1 Institute of Experimental Hematology, Hannover Medical School , Hannover, Germany .
2 REBIRTH Cluster of Excellence, Hannover Medical School , Hannover, Germany .
Hum Gene Ther. 2018 Oct;29(10):1083-1097. doi: 10.1089/hum.2017.251. Epub 2018 Aug 29.
Successful translation of chimeric antigen receptor (CAR) T cells designed to target and eradicate CD19+ lymphomas has emboldened scientists and physicians worldwide to explore the possibility of applying CAR T-cell technology to other tumor entities, including solid tumors. Next-generation strategies such as fourth-generation CARs (CAR T cells redirected for universal cytokine killing, also known as TRUCKs) designed to deliver immunomodulatory cytokines to the tumor microenvironment, dual CAR designs to improve tumor control, inclusion of suicide genes as safety switches, and precision genome editing are currently being investigated. One major ongoing goal is to determine how best to generate CAR T cells that modulate the tumor microenvironment, overcome tumor survival mechanisms, and thus allow broader applicability as universal allogeneic T-cell therapeutics. Development of state-of-the-art and beyond viral vector systems to deliver designer CARs coupled with targeted genome editing is expected to generate more effective off-the-shelf CAR T cells with activity against a greater number of cancer types and importantly solid tumors.
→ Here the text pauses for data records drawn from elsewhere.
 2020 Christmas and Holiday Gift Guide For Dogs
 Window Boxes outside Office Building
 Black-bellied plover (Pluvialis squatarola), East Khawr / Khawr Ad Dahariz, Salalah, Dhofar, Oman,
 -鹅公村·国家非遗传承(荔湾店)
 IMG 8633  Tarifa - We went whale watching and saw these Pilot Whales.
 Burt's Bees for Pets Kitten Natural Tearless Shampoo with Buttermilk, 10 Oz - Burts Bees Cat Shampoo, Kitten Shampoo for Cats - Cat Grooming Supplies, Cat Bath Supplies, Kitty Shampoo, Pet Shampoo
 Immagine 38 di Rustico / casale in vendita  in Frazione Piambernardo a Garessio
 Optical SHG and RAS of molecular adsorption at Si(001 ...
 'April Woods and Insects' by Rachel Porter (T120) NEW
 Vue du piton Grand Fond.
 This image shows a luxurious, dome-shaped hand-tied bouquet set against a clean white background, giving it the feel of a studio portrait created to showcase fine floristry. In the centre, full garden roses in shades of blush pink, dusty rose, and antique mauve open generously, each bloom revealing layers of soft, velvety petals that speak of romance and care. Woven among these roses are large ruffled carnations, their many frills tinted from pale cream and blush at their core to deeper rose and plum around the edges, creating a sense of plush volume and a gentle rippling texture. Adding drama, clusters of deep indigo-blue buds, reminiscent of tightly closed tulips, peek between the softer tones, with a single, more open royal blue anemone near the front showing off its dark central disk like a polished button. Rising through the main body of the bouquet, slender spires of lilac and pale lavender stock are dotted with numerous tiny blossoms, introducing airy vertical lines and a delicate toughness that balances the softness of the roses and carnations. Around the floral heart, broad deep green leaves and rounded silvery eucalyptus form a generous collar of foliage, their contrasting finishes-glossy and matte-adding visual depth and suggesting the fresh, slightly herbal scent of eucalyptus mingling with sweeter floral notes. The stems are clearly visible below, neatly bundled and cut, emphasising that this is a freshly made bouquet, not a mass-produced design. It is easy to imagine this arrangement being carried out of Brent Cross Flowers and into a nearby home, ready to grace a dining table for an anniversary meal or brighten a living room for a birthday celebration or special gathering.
嵌合抗原受体 (CAR) T 细胞的成功转化设计用于靶向和消除 CD19+淋巴瘤,这一成就鼓舞了世界各地的科学家和医生探索将 CAR T 细胞技术应用于其他肿瘤实体的可能性,包括实体瘤。下一代策略,如第四代 CAR(CAR T 细胞重新定向用于通用细胞因子杀伤,也称为 TRUCKs)旨在将免疫调节细胞因子递送至肿瘤微环境、双 CAR 设计以改善肿瘤控制、包含自杀基因作为安全开关,以及精确基因组编辑,目前正在研究中。一个主要的持续目标是确定如何最好地生成调节肿瘤微环境、克服肿瘤生存机制的 CAR T 细胞,从而使作为通用同种异体 T 细胞治疗剂的更广泛适用性成为可能。先进的和超越病毒载体系统的开发用于传递设计 CAR 与靶向基因组编辑有望产生更有效的现成 CAR T 细胞,这些细胞对更多种类的癌症具有活性,重要的是对实体瘤具有活性。